Blockchain is quite a complicated topic so let us break it down for you.
Pretend we’re in the playground at little lunch and I give you an apple. Here you go, this apple is yours.
We both know what happened there. I had one apple and I gave it to you.
You now have one apple and I have none.
However, what if we’re now sitting at our computers and I give you an electronic apple. Here you go, again it’s yours.
Now you probably have a few questions like ‘What the hell is a digital apple?’ Let’s ignore that one for a minute.
You may also be thinking ‘How do I know he didn’t keep a copy of that apple?’ ‘Did he also email my apple to a million other people?’ ‘How do I know that apple is mine and mine alone?’
Maybe you’re just thinking ‘All this talk of apples is making me hungry’.
Regardless, from the above it should be clear that a transaction between us in the real world (apple) is easy while a transaction between us in the electronic world (electronic apple) is complicated.
In the electronic world we need some sort of record of who owns what.
Think of Al Capone’s bookkeeper in the movie The Untouchables who knew everything about Capone’s transactions. We could hire him to keep a record of who owns what electronic apples between us. However, he could be tempted to add a couple of electronic apples to his own personal account now and then and who would trust him anyway? He works for a world famous gangster, plus he’s long dead, but we digress.
The Blockchain solution is to give everyone the set of records.
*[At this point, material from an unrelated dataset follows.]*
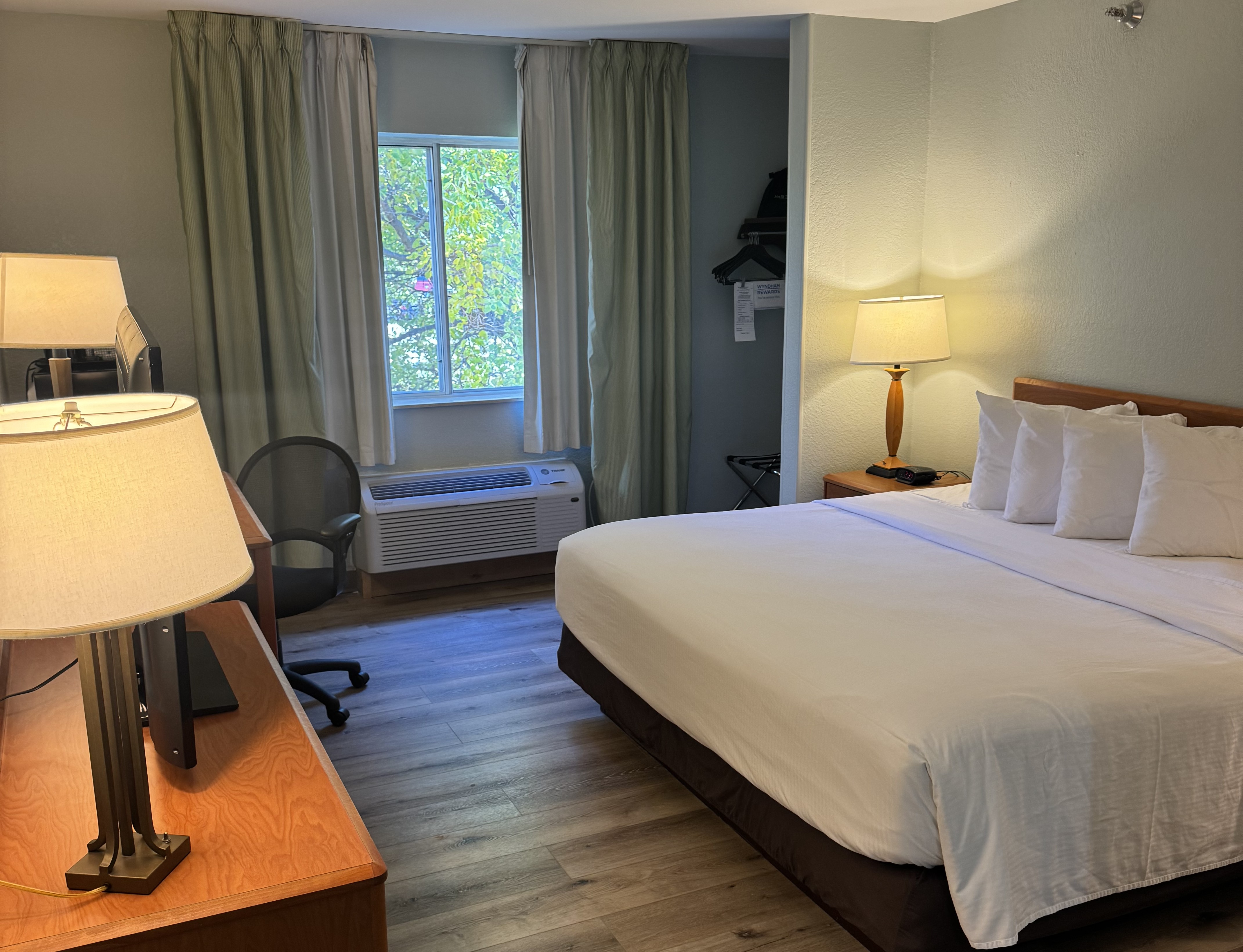 Guest room at the Wingate by Wyndham Sioux City in Sioux City, Iowa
Instead of one person controlling it, everyone has a copy of the records on their computer. If we exchange our apples our records won’t synchronise until we both agree what happened. If I cheat and keep a copy it won’t synchronise. If you extrapolate that out to everyone, it becomes very hard to cheat when everyone has a record to check transactions against. Swap apples for Bitcoins or any other electronic transaction and that’s Blockchain explained via apples and gangsters.